Why Is It Important to Maintain a Healthy Weight?

  • Lower risk of disease — healthy weight reduces the likelihood of hypertension, stroke, type 2 diabetes, and joint problems.

  • Hormonal balance — fat tissue participates in hormone regulation; excess can disrupt the endocrine system.

  • Higher energy and activity — easier to stay active and less daily fatigue.

  • Mental well-being — good physical condition supports self-confidence and mood.

Should You Strive for an “Ideal” Weight?

People often compare themselves to magazine or social media standards, forgetting that health and beauty are not the same.

The best definition of ideal weight is the one where you feel comfortable, healthy, and your medical tests are within normal ranges.

Your ideal weight is when:

  • You can live an active lifestyle without discomfort,

  • You don’t feel chronic fatigue,

  • Blood pressure, sugar, and cholesterol are normal,

  • You don’t have to limit yourself in a way that reduces quality of life.

How to Maintain a Healthy Weight

  1. Balanced nutrition — more vegetables, fruits, protein, whole grains; less fast carbs and trans fats.

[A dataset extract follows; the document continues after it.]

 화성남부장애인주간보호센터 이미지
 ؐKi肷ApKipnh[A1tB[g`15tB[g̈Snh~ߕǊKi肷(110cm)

  2. Regular physical activity — not only the gym, but also walking, yoga, swimming.

  3. Healthy sleep — lack of sleep disrupts metabolism and increases appetite.

  4. Stress management — stress often leads to overeating.

  5. Regular check-ups — monitor your health indicators with medical tests.

Weight Chart

Approximate “healthy” weight ranges by height (based on BMI 18.5–24.9)

Height (cm)

Minimum Weight (BMI 18.5)

Maximum Weight (BMI 24.9)

150

42 kg

56 kg

155

45 kg

60 kg

160

47 kg

64 kg

165

50 kg

68 kg

170

54 kg

72 kg

175

57 kg

76 kg

180

60 kg

81 kg

185

63 kg

85 kg

190

67 kg

90 kg

These ranges show an estimated healthy weight for different heights.

  • Athletes may weigh more due to muscle mass.

  • Women typically have a slightly higher body fat percentage than men.

  • Body type (slender, normal, broad build) also matters.

Conclusion

The ideal weight is not a strict number from a table but a state in which the body works harmoniously. While BMI, waist size, and body fat percentage provide useful guidelines, the most important factor is how you feel.

The true “ideal” is health, energy, and comfort in your own body.